Using the characteristic-zero Specht classification for symmetric groups, the irreducible $kS_n$-modules are precisely the Specht modules $S^\lambda$ with $\lambda \vdash n$. Thus there are uniquely determined nonnegative integers $m_\lambda$ such that $M$ is isomorphic to the direct sum, over all partitions $\lambda \vdash n$, of $(S^\lambda)^{\oplus m_\lambda}$. It remains to prove that $m_\lambda=1$ exactly when $\mu \nearrow \lambda$, and $m_\lambda=0$ otherwise.
[/step]
[step:Identify each multiplicity by Frobenius reciprocity]
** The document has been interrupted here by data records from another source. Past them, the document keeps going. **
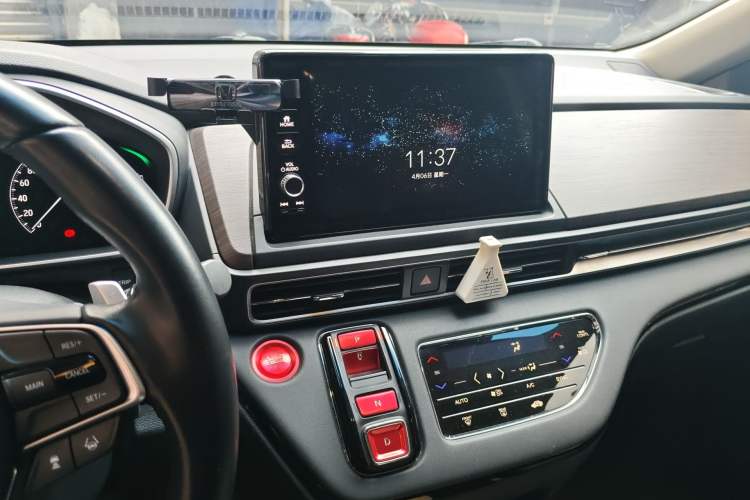 Used Honda Odyssey 2022 2.0L eHEV Sharp·Luxury Edition Audio And AC Panel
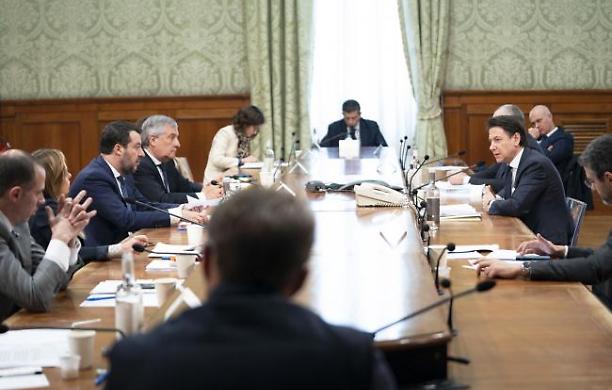 Conte apre al tavolo con le opposizioni sull'emergenza Covid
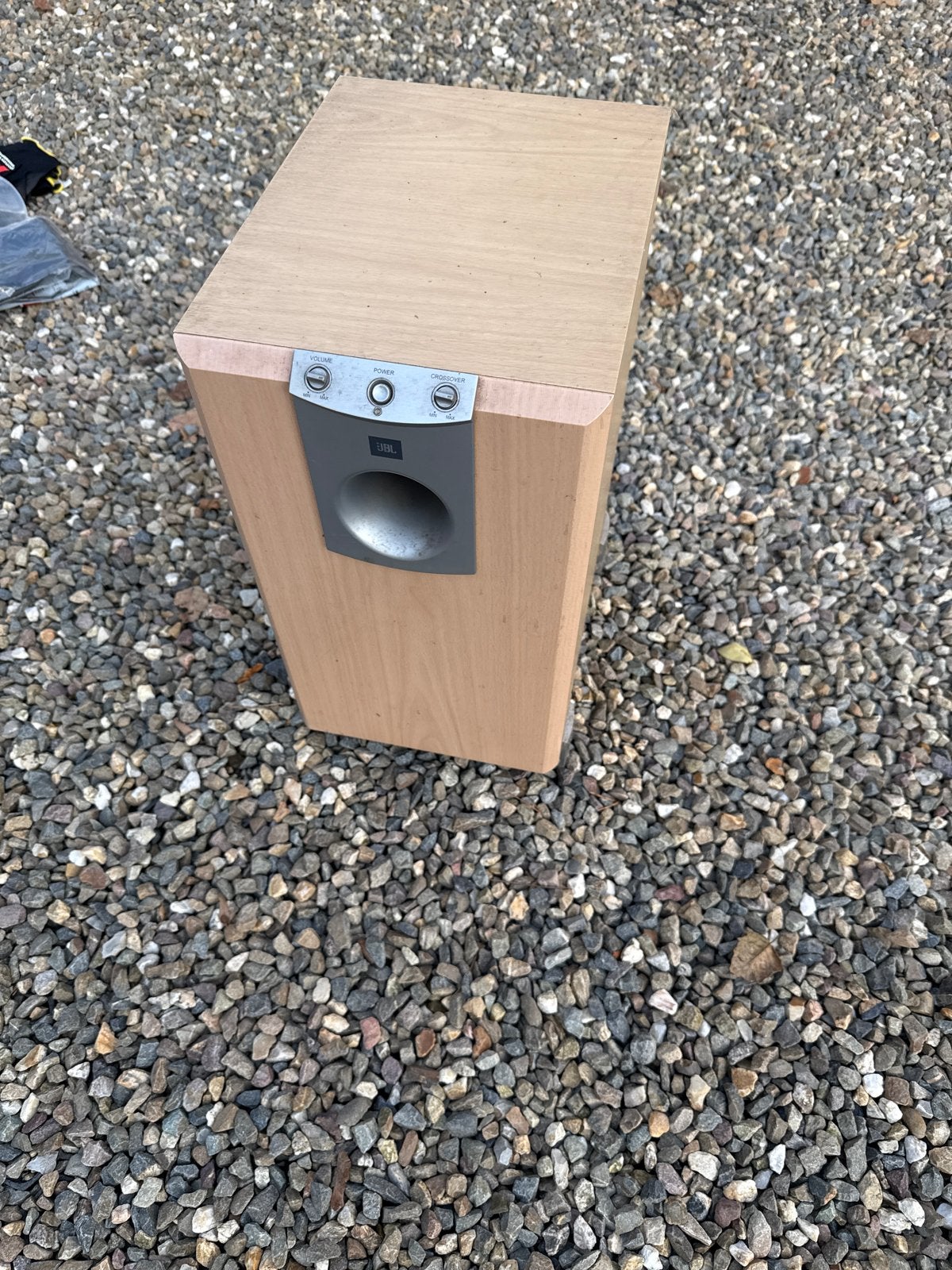 JBL SUB138 Subwoofer - Krachtige bas voor uw geluidssysteem, Gebruikt, Ophalen of Verzenden, Geschikt voor surround/home cinema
Let $\lambda \vdash n$. Since Specht modules are absolutely irreducible over characteristic zero, the multiplicity $m_\lambda$ of $S^\lambda$ in $M$ is
\begin{align*}
m_\lambda = \dim_k \operatorname{Hom}_{kS_n}(M,S^\lambda).
\end{align*}
Apply Frobenius reciprocity for finite groups to the standard inclusion $S_{n-1}\le S_n$, the $kS_{n-1}$-module $S^\mu$, and the $kS_n$-module $S^\lambda$. This gives a natural $k$-linear isomorphism
\begin{align*}
\operatorname{Hom}_{kS_n}(\operatorname{Ind}^{S_n}_{S_{n-1}}S^\mu,S^\lambda) \cong \operatorname{Hom}_{kS_{n-1}}(S^\mu,\operatorname{Res}^{S_n}_{S_{n-1}}S^\lambda).
\end{align*}
Therefore
\begin{align*}
m_\lambda = \dim_k \operatorname{Hom}_{kS_{n-1}}(S^\mu,\operatorname{Res}^{S_n}_{S_{n-1}}S^\lambda).
\end{align*}
[guided]
The induced module is a module for the larger group $S_n$, but the known branching rule describes what happens when a Specht module for $S_n$ is restricted to $S_{n-1}$. Frobenius reciprocity is exactly the bridge between these two directions.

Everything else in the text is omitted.